L’Occidente non ha ancora capito il mondo mediterraneo; e il concetto sarkoziano ha sofferto di un difetto basilare nel dare l’impressione, non voluta, che era il Nord e non il mediterraneo che programasse la struttura e il lavoro dell’UpM. Fu naturale lo scetticismo di vari Stati meridionali fra cui spiccava il Marocco verso l’Unione, percependola come la continuazione, diversamente vestita, del vecchio programma dell’UE per il mediterraneo, noto per il suo quasi totale fallimento.

Dove va il Mediterraneo oggi ? L’entusiasmo per l’UpM non pare che sia cresciuto, e si nota un livello di compiacimento come alla vigilia di un grande evento di cui non si conosce l’ampiezza. Si sente che c’è una certa tensione non percepita, di un domani di cui non si conosce l’alba, di un futuro per il quale il presente non ci prepara. L’unico brivido è quello dell’incertezza.

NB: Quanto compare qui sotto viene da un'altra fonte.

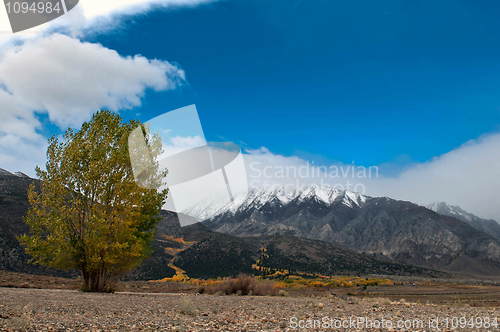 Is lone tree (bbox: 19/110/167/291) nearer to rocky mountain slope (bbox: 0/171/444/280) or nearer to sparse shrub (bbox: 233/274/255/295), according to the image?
sparse shrub (bbox: 233/274/255/295)

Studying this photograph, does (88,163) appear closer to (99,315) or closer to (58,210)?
(58,210)

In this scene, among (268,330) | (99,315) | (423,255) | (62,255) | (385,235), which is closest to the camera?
(268,330)

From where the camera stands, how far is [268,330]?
603 cm

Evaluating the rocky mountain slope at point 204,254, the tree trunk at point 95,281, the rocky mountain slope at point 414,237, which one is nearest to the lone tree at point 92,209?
the tree trunk at point 95,281

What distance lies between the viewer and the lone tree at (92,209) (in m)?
14.6

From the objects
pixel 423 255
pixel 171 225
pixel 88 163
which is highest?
pixel 88 163

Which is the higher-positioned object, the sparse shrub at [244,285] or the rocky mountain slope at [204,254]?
the sparse shrub at [244,285]

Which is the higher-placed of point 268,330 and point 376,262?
point 268,330

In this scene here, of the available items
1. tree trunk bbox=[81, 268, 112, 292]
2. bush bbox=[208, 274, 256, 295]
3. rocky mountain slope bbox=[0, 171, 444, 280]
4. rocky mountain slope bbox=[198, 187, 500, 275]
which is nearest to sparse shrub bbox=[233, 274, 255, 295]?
bush bbox=[208, 274, 256, 295]

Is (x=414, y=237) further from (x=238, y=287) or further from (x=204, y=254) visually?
(x=238, y=287)

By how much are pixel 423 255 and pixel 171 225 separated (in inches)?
4698

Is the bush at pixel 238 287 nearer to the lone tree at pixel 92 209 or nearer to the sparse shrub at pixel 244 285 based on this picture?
the sparse shrub at pixel 244 285

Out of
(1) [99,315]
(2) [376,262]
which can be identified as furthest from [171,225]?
(1) [99,315]

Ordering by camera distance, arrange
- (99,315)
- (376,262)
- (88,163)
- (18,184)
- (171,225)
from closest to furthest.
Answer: (99,315), (88,163), (18,184), (376,262), (171,225)
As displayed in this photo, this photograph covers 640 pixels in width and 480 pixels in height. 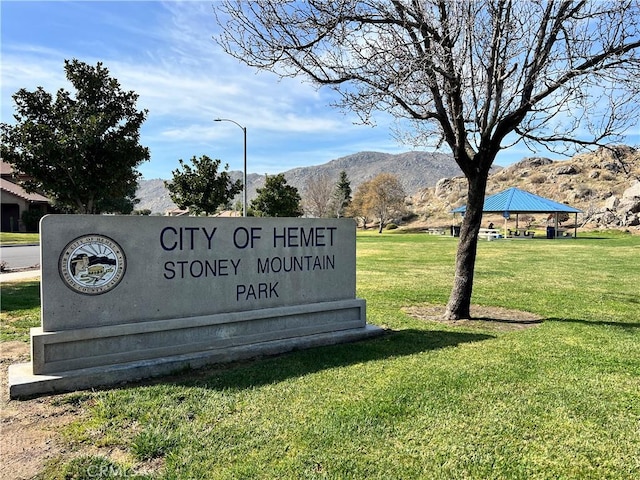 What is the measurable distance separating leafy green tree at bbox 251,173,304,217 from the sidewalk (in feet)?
124

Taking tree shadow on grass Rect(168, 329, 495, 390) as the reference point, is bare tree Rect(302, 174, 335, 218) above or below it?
above

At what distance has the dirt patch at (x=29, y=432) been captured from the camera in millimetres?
3061

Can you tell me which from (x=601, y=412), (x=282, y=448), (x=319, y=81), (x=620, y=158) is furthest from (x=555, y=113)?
(x=282, y=448)

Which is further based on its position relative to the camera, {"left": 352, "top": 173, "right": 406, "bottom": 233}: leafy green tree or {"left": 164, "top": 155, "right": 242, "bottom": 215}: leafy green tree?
{"left": 352, "top": 173, "right": 406, "bottom": 233}: leafy green tree

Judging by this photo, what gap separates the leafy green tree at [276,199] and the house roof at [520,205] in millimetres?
19376

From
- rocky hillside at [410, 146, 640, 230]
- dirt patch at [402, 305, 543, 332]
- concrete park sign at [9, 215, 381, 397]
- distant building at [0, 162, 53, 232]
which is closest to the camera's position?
concrete park sign at [9, 215, 381, 397]

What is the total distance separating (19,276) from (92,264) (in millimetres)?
10395

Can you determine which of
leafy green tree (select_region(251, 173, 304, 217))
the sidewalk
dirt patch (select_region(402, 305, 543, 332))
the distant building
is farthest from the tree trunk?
leafy green tree (select_region(251, 173, 304, 217))

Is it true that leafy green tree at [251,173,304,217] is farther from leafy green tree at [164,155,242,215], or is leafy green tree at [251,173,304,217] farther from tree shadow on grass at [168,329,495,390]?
tree shadow on grass at [168,329,495,390]

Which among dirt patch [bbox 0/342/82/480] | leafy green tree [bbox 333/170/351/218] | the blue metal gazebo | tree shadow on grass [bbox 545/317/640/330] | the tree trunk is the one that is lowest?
tree shadow on grass [bbox 545/317/640/330]

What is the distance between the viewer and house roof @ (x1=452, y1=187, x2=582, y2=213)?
1587 inches

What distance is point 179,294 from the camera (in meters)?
5.13

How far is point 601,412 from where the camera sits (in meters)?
3.93

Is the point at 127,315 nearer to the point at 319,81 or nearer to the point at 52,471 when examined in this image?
the point at 52,471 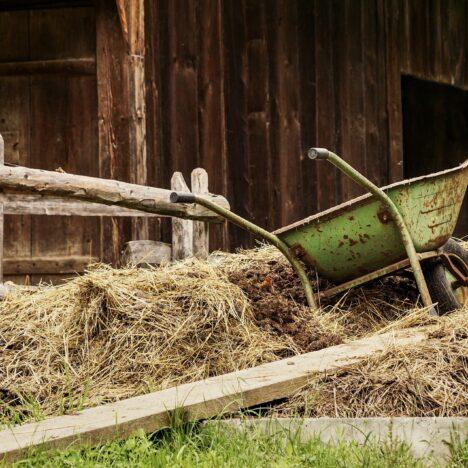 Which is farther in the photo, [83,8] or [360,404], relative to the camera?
[83,8]

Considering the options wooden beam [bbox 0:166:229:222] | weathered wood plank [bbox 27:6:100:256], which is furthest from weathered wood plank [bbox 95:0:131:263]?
wooden beam [bbox 0:166:229:222]

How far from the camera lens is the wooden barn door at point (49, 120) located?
8156mm

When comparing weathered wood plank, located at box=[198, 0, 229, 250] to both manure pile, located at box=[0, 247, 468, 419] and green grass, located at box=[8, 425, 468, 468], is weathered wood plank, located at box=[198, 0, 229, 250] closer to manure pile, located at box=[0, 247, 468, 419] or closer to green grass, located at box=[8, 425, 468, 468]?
manure pile, located at box=[0, 247, 468, 419]

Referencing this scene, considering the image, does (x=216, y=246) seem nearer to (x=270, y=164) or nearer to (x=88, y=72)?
(x=270, y=164)

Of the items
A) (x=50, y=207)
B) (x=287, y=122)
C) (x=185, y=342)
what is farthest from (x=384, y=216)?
(x=287, y=122)

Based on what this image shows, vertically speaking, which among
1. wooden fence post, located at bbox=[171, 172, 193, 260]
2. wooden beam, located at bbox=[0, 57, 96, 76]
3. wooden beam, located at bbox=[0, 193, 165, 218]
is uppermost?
wooden beam, located at bbox=[0, 57, 96, 76]

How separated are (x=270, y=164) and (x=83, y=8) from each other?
185cm

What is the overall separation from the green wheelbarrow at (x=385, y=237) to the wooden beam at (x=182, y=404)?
1128 mm

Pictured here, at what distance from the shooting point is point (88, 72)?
26.8ft

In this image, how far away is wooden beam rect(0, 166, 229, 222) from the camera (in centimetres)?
532

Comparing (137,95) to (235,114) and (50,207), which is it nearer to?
(235,114)

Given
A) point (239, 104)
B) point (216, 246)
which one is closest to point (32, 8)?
point (239, 104)

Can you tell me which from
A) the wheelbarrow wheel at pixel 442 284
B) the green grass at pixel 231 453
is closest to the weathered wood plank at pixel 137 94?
the wheelbarrow wheel at pixel 442 284

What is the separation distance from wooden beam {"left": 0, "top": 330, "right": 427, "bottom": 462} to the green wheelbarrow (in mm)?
1128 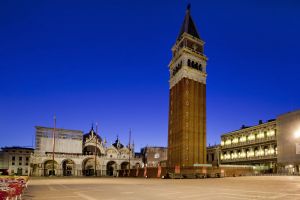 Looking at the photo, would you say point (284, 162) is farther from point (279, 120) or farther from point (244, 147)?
point (244, 147)

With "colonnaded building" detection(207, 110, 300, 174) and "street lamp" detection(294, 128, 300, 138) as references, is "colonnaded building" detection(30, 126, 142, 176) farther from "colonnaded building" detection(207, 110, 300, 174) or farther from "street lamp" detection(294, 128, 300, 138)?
"street lamp" detection(294, 128, 300, 138)

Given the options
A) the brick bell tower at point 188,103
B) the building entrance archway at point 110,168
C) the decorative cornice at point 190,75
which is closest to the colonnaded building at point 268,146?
the brick bell tower at point 188,103

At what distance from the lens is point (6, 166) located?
10394 cm

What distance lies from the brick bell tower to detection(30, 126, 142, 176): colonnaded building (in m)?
16.2

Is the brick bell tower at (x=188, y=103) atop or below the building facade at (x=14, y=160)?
atop

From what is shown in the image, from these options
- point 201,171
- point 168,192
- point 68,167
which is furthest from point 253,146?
point 168,192

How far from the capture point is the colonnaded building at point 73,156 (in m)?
85.6

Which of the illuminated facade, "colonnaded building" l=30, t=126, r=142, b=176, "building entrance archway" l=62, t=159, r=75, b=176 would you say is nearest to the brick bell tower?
"colonnaded building" l=30, t=126, r=142, b=176

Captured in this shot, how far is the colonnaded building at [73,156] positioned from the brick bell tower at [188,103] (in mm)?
16186

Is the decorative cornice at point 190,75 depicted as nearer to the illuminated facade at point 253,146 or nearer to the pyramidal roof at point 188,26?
the pyramidal roof at point 188,26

Questo stato di relativa calma, che non è segno di pace, deriva dalla mancanza di leadership profetico in praticamente tutti gli Stati della regione, sia quelli europei sia quelli arabi, con il conflitto arabo-israeliano ancora irrisolto, vicini ad un Iran e una Siria che ci lasciano, per ben note ragioni differenti, perplessi e ansiosi.

É sintomatico che in una parte del mondo dove la credenza religiosa abbia da tempi immemori condizionato lo sviluppo della società umana, e la sua sostenibilità attraverso i secoli, sia la voce del Leader cristiano, povero fra i poveri, il faro di quella speranza che unicamente il Signore della Storia nei nostri cuori abbia inserito.